"The USDA has seen their way to investing in broadband for one of Maine's remote island communities," said Rob Snyder, president of The Island Institute.
A $1.3 million USDA Rural Development Community Connect grant was used to build a high-speed fiber and wireless connection for residents.
"Our mission really is to help rural communities across the county, whether we're here in Maine or we're as far on the west coast as Washington state, to build prosperity," said Anne Hazlett, assistant to the Secretary for Rural Development.
"Nothing changes a community in the same manner as broadband access," she added later.
Isleford, a small fishing and artist village on Little Cranberry Island, had internet before, but it wasn't reliable.
"With the last internet company, it would take days to process my husband's paperwork for his fishing business and now we are able to do things within moments," said Cari Alley, a co-op employee and town employee.
Before, the library was the only place to access a wireless connection.
"They would sit out front in their cars to use the internet, especially when the other company went down," said Cindy Thomas, the town librarian.

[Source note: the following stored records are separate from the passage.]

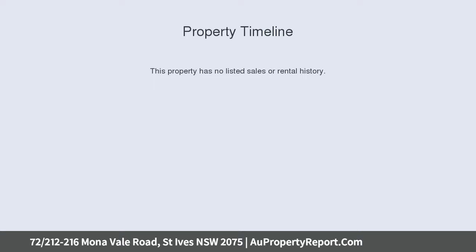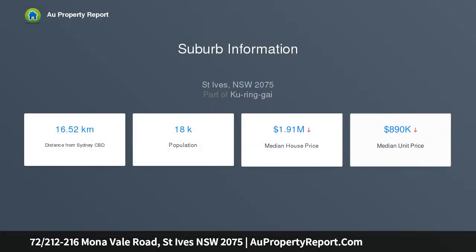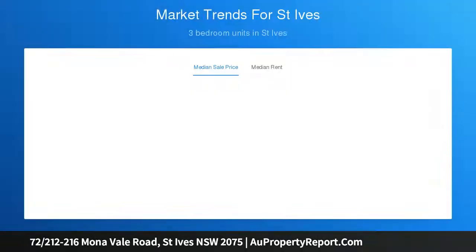an appealing sanctuary or investment in the heart of Saint Ives. Impeccably appointed throughout with perfect flow-through ventilation and balcony access from every room, its desirable location is mere footsteps to popular Stanley Street cafes and city bus connections.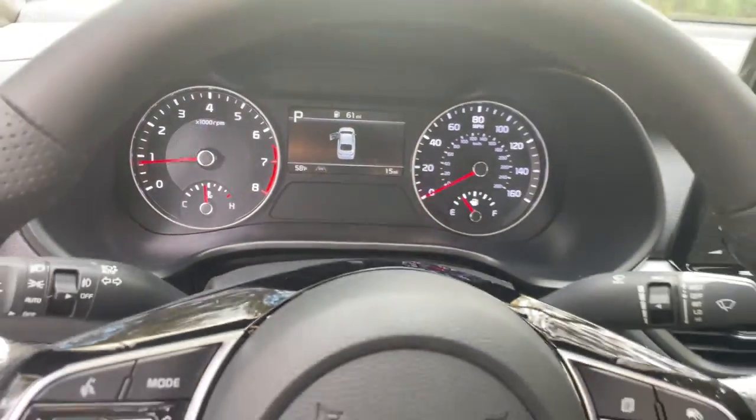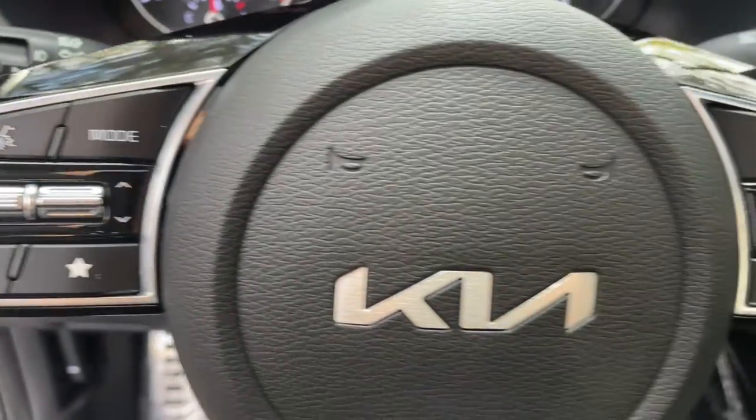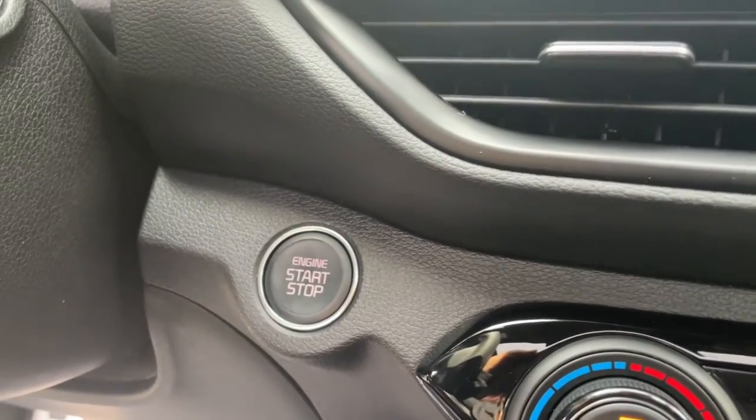Feel inspired on every journey when you're behind the wheel of this powerful and efficient Forte. Treat yourself to a test drive today. Our staff will toss you the keys and give you an outstanding customer experience.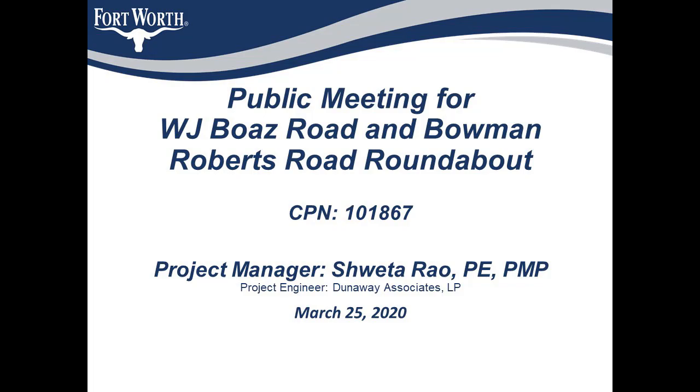Hello everyone. Thank you for taking the time to watch this video. I would like to talk to you today about this upcoming City of Fort Worth project. My name is Shweta Rao and I am one of the project managers in the Transportation and Public Works Department's capital delivery team, and I'll be the construction project manager for the upcoming WJ Bose Road and Bowman Roberts Road roundabout project.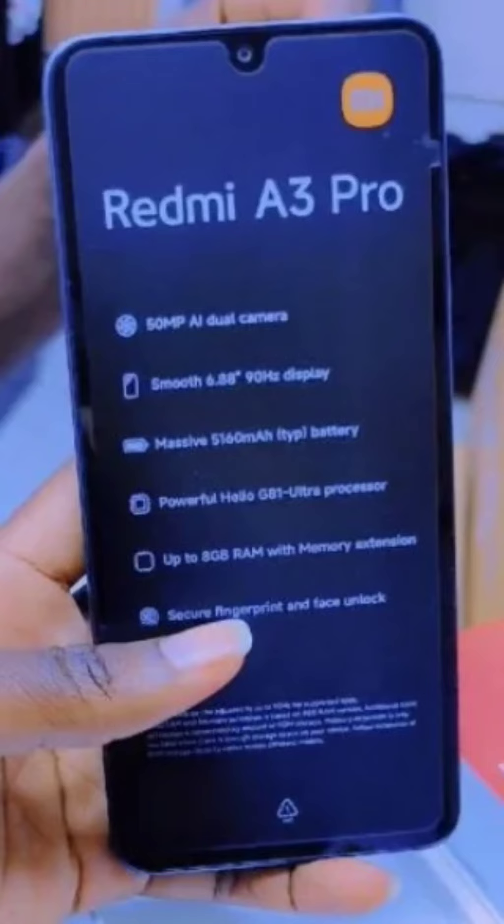A new Redmi phone, the Redmi A3 Pro, has seemingly materialized out of thin air. While Xiaomi hasn't officially announced the device, a Kenyan online store has published a listing for the A3 Pro, complete with basic specifications and a surprisingly low price tag.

With the old system, Alley couldn't even print.
"I have to go and buy a printer now because I can actually print things from home," she said. "Before I would have to go and call the town office and say, 'Hey can I send you a document.'"
Now her kids can take on-line classes and use YouTube to look up tutorials.
"It's brought a little bit of joy to our lives," Alley said. "It's a pretty simplistically lifestyle out here so it's nice to have something modern, like the rest of America."